Renaissance Books came to exist for me on January 27, 1988, when I handed over the money I had borrowed from all my friends to buy the shop. The store had actually been started by Laurence Eddy sometime in the 1970’s. So there has been a Renaissance Books in Victoria for about 35 years, making it one of the longest running shops on Vancouver Island. I mention the date I bought it because it was the same date my first child, Adam was born. My wife, Jen and I both 'gave birth' that day.
In terms of genre, Renaissance is a general bookstore with a wide range of subjects. I specialise in literature, art, history, and First Nations subject matter. I have an extensive poetry section. I also have a surprising selection of children’s books. I am not an antiquarian specialist, but sometimes turn up remarkable items.
A lot of my inventory comes from estate sales and people walking in off the street. Several bookscouts bring things regularly. I’ve always been a book magnet. Whenever I go anywhere, I seem to attract books. I also haunt thrift and junk stores, though these sources are drying up.Buying books is what I love to do. I sell books so that I can buy more. I enjoy some of the conversations and exchanges with people who share my love of books. I also get to read things before shelving them. The biggest challenge is making a living. The book business is changing rapidly. Print on demand books, kindles and downloading of so many books has reduced the numbers of people who take the time to shop in bookstores. Finding the patience to deal with people looking for “nice green books” or “brown books” to look nice in their den is not easy. Similarly I have had to refuse to sell books when I discovered that they would be torn apart for the prints they contained.
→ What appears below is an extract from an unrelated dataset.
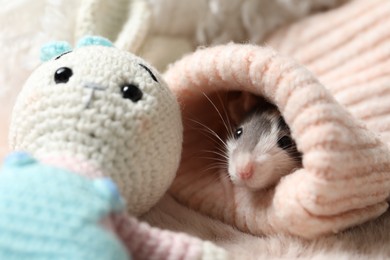 Photo of Adorable little rat in sweater and crocheted bunny on faux fur, closeup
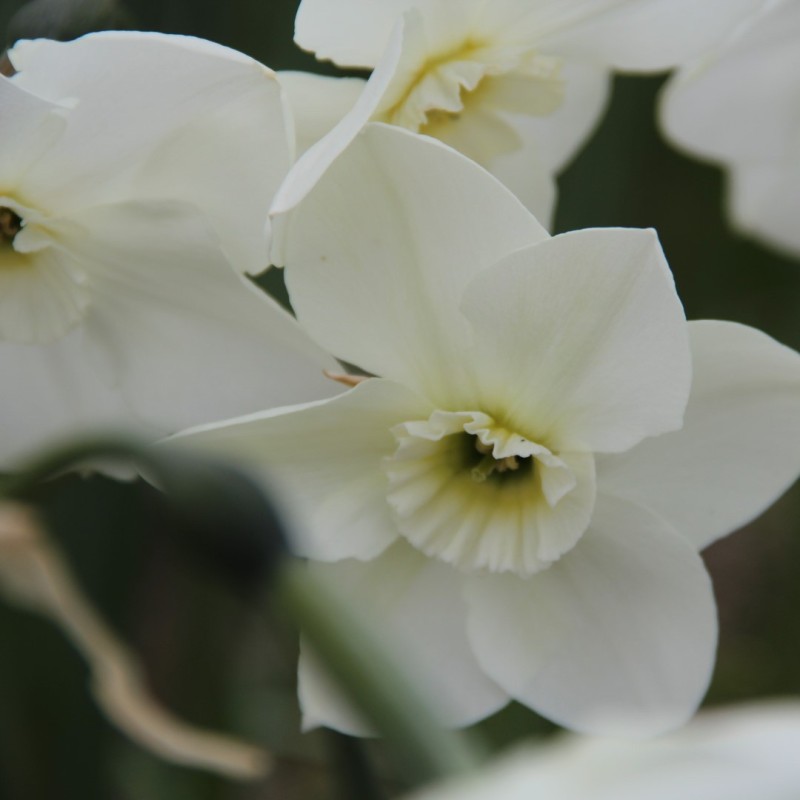 Narcissus 'Crystal Clear' Narcissus 'Crystal Clear'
Really, there is no typical day. Well - coffee first – fortunately there is a good coffee bar next door. If I have time before opening, I will either answer email, check a few thrift stores for hidden treasures, or do the chores such as cleaning the shop, banking, or getting some books packed for shipping. A day in the shop involves dealing with customers, phone calls and internet orders. Perhaps the most problematic times are when several people bring in books they want to sell all at the same time. Sometimes with an open shop, you are dealing with buying, selling, and talking on the phone all at the same time. It's not a matter of sitting around reading books like most people seem to think. At the end of the day I mail the day's internet book orders, and try to find some time to spend with my wife Jennifer.